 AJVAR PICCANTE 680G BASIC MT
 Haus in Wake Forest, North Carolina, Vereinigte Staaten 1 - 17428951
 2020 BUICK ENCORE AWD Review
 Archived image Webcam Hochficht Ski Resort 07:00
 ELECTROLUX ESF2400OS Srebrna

______________________________

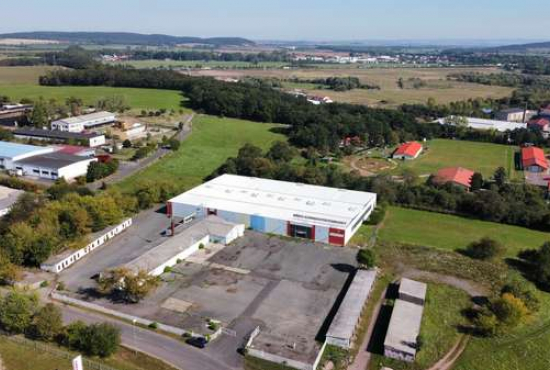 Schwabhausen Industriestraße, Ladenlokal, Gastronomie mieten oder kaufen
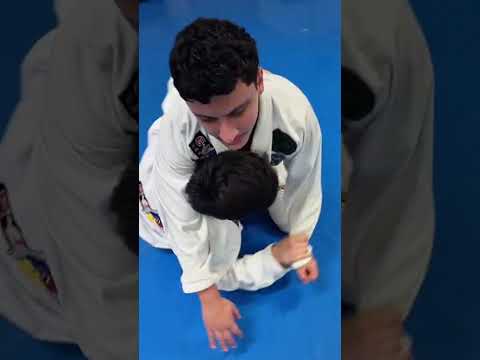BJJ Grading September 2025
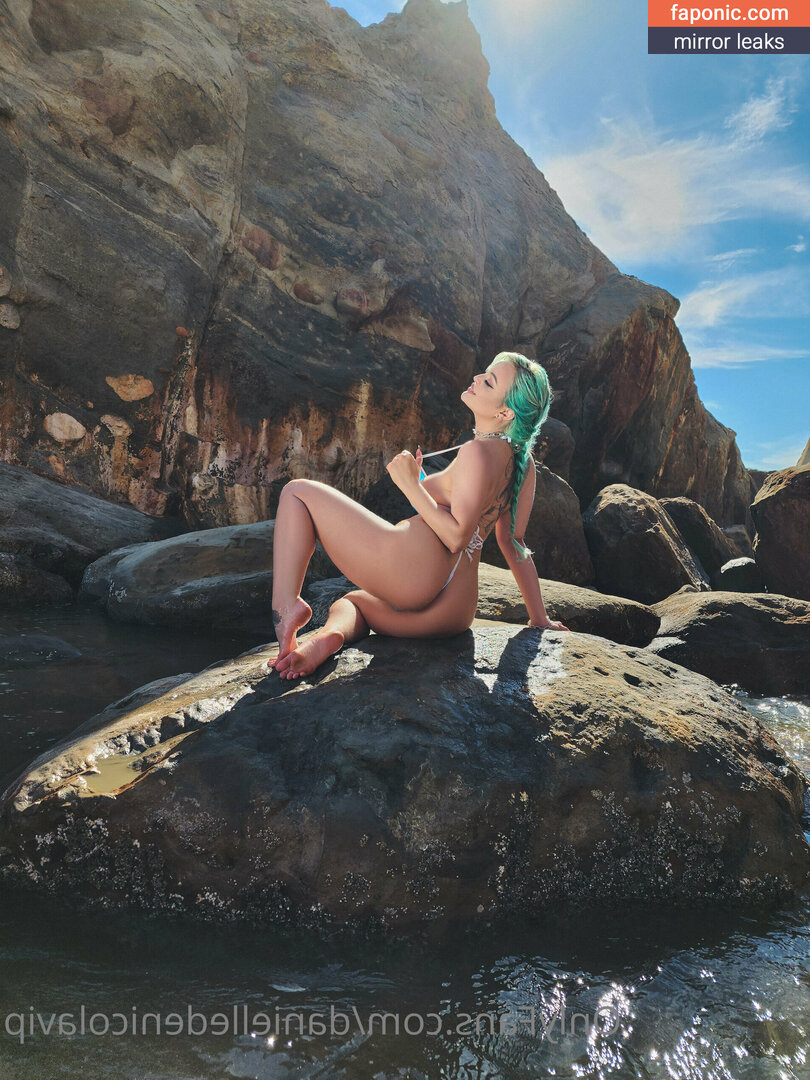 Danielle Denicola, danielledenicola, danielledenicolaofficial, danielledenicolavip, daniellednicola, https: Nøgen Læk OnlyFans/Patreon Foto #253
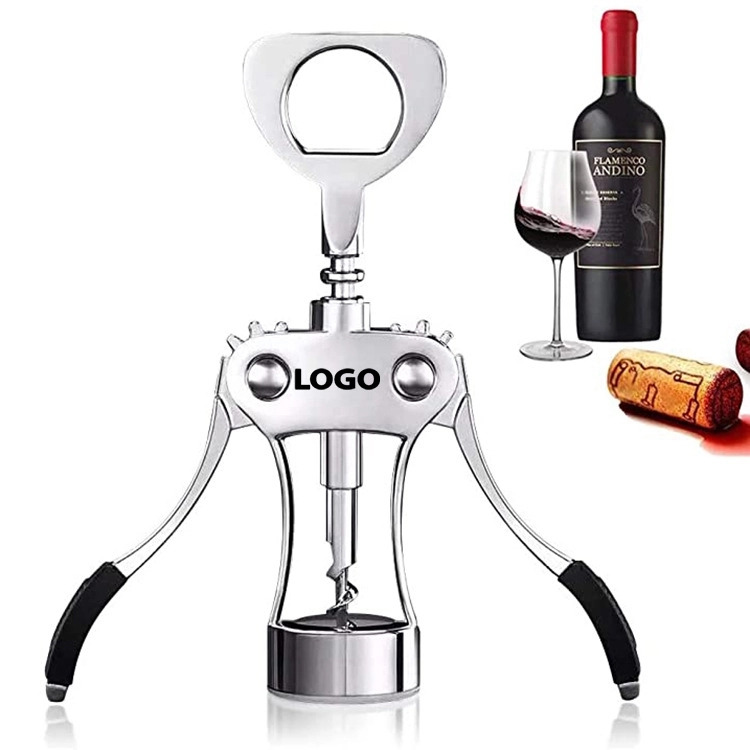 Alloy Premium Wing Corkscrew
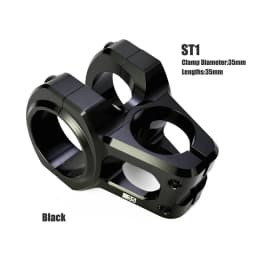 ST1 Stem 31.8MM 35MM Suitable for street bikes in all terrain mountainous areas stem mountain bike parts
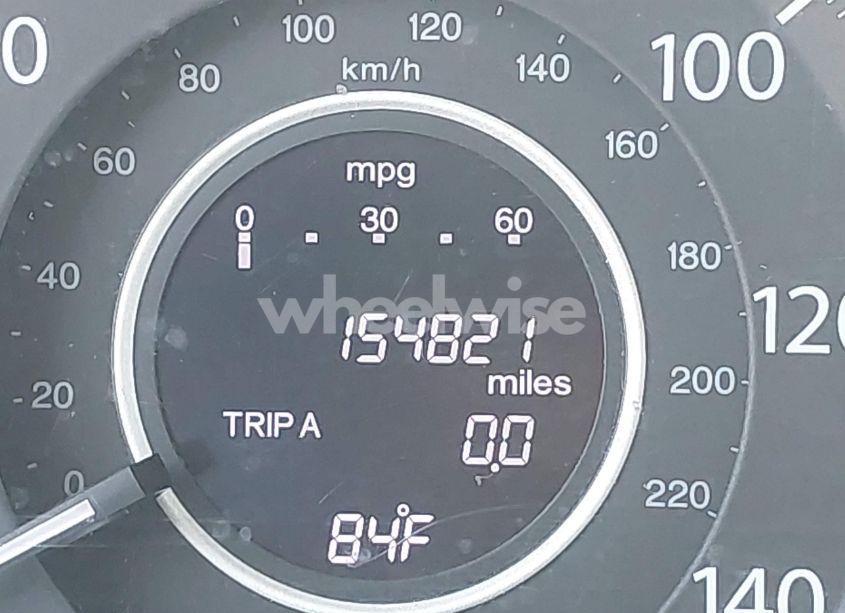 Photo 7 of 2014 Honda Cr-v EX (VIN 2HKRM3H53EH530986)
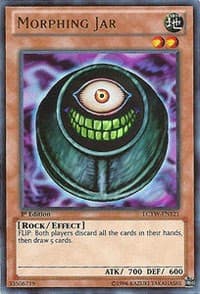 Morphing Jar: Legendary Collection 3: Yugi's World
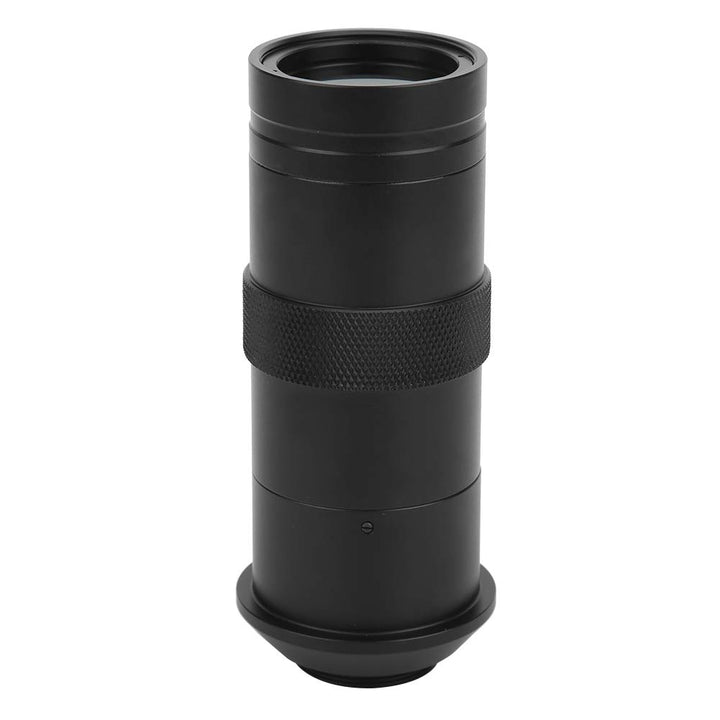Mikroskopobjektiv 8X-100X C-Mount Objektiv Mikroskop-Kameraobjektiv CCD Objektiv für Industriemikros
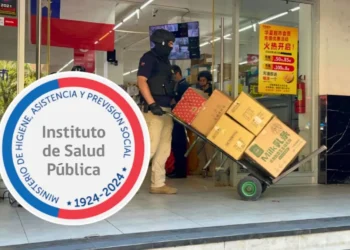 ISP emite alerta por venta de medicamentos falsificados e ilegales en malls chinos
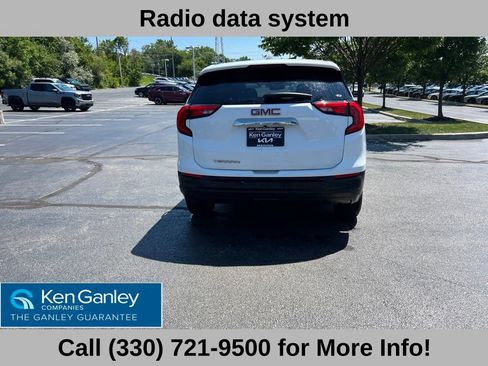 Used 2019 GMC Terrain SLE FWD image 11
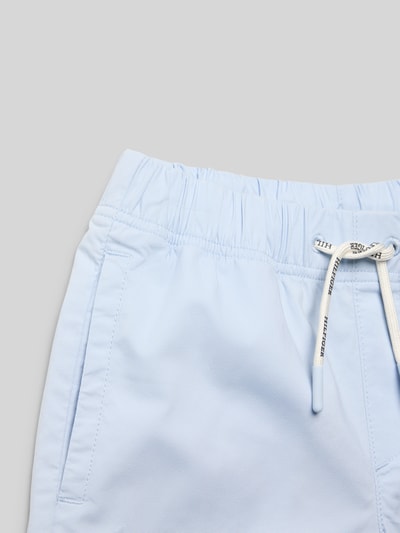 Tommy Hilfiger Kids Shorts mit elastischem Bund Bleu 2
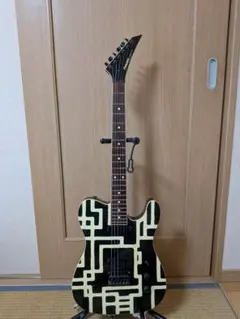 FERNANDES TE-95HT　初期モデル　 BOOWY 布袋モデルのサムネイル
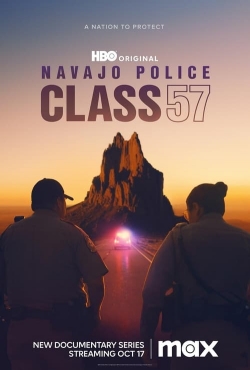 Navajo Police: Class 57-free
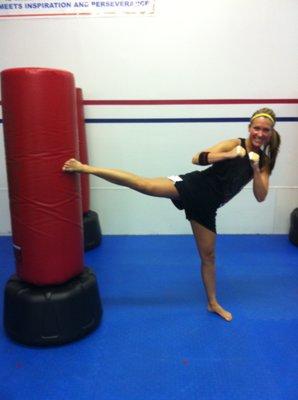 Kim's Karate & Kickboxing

______________________________

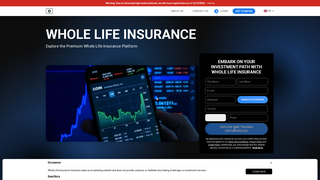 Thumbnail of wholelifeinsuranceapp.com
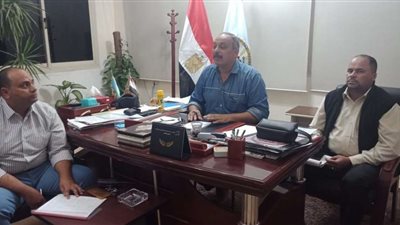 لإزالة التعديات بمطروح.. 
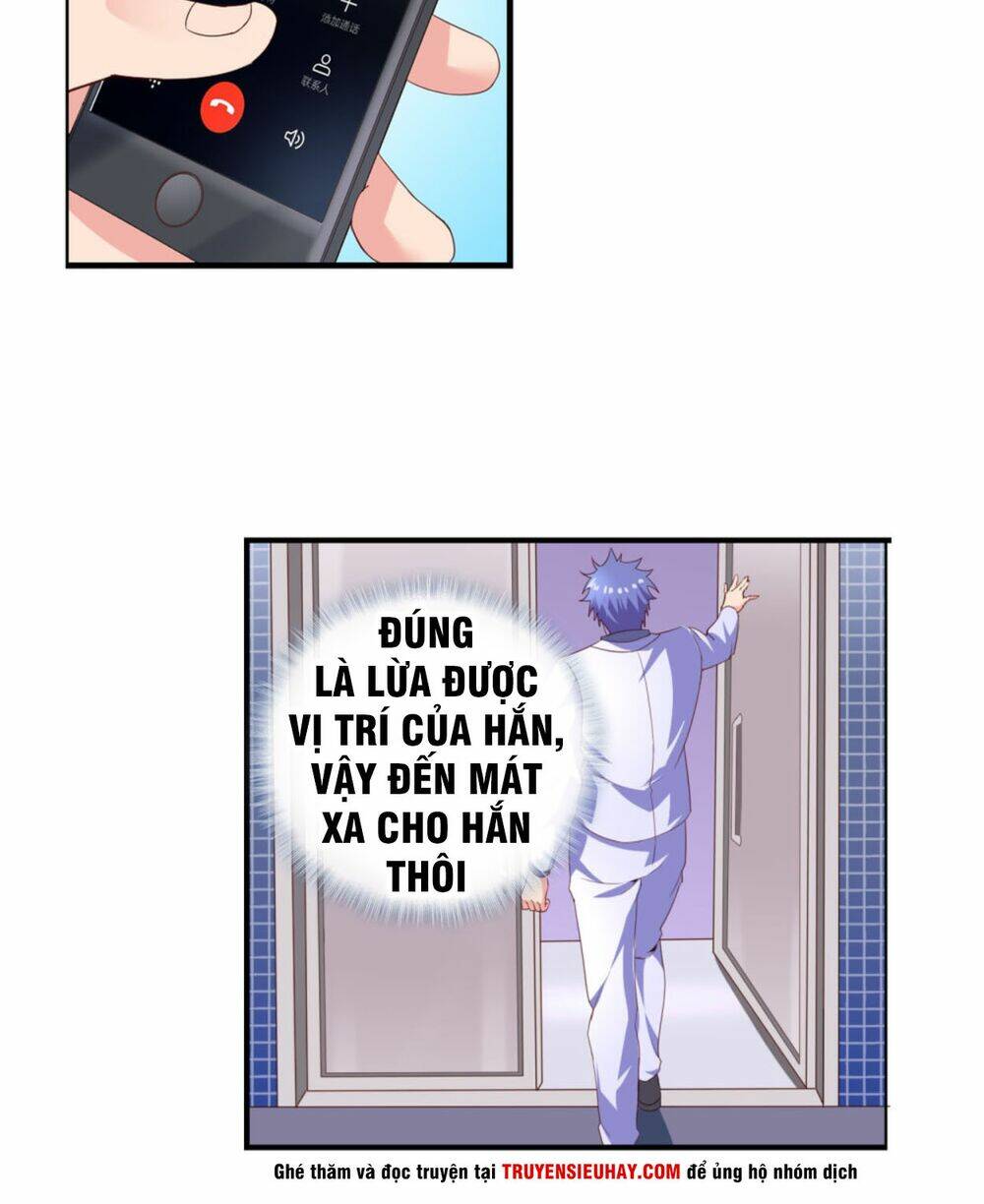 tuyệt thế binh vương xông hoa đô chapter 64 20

______________________________

Problem requirements: Everything above from the line containing "Alloy Premium Wing Corkscrew" through the line containing "Kim's Karate & Kickboxing" must be repeated exactly, and the pictures must be left out.

Expected output:
 Alloy Premium Wing Corkscrew
 ST1 Stem 31.8MM 35MM Suitable for street bikes in all terrain mountainous areas stem mountain bike parts
 Photo 7 of 2014 Honda Cr-v EX (VIN 2HKRM3H53EH530986)
 Morphing Jar: Legendary Collection 3: Yugi's World
Mikroskopobjektiv 8X-100X C-Mount Objektiv Mikroskop-Kameraobjektiv CCD Objektiv für Industriemikros
 ISP emite alerta por venta de medicamentos falsificados e ilegales en malls chinos
 Used 2019 GMC Terrain SLE FWD image 11
 Tommy Hilfiger Kids Shorts mit elastischem Bund Bleu 2
 FERNANDES TE-95HT　初期モデル　 BOOWY 布袋モデルのサムネイル
 Navajo Police: Class 57-free
 Kim's Karate & Kickboxing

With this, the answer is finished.